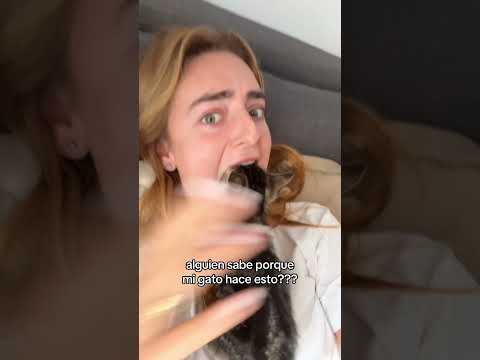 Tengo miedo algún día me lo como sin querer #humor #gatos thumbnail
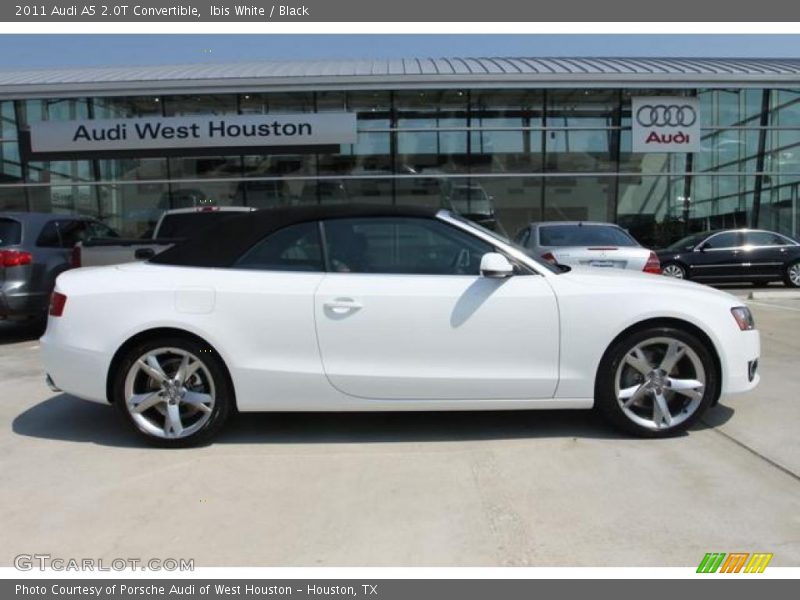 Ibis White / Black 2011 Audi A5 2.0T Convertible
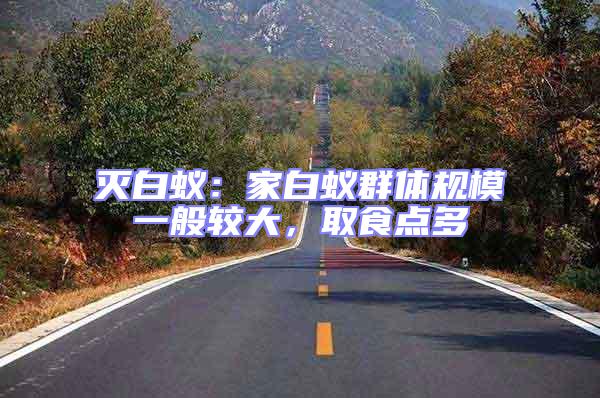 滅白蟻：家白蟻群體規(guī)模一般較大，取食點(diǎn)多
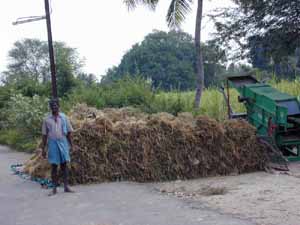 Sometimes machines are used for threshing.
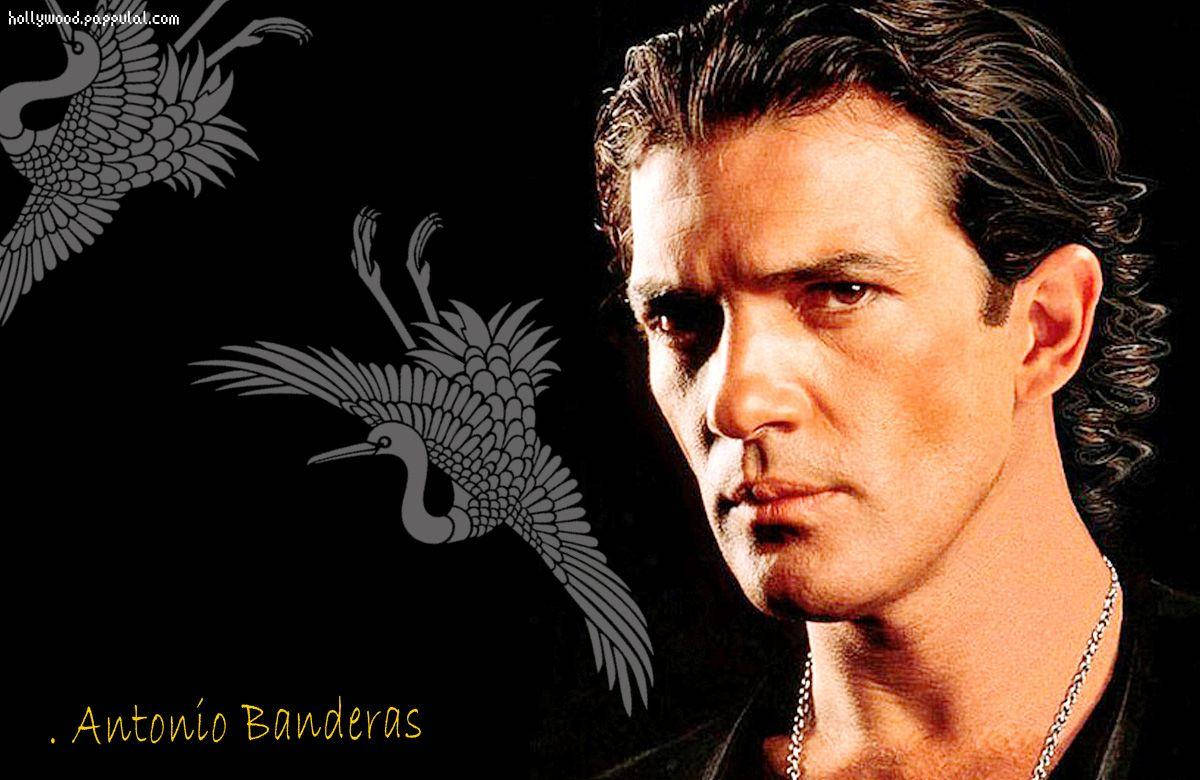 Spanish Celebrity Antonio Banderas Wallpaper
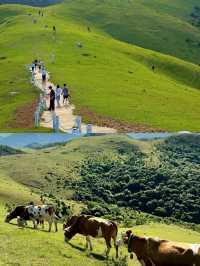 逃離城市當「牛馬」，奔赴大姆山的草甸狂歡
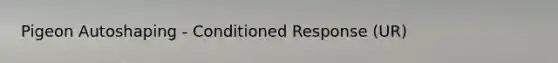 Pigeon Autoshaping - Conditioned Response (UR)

::::::::

Set aside the pictures. Then return every line of the material above verbatim.

§ **SOLUTION FOR THIS EXERCISE**:
 Tengo miedo algún día me lo como sin querer #humor #gatos thumbnail
 Ibis White / Black 2011 Audi A5 2.0T Convertible
 滅白蟻：家白蟻群體規(guī)模一般較大，取食點(diǎn)多
 Sometimes machines are used for threshing.
 Spanish Celebrity Antonio Banderas Wallpaper
 逃離城市當「牛馬」，奔赴大姆山的草甸狂歡
 Pigeon Autoshaping - Conditioned Response (UR)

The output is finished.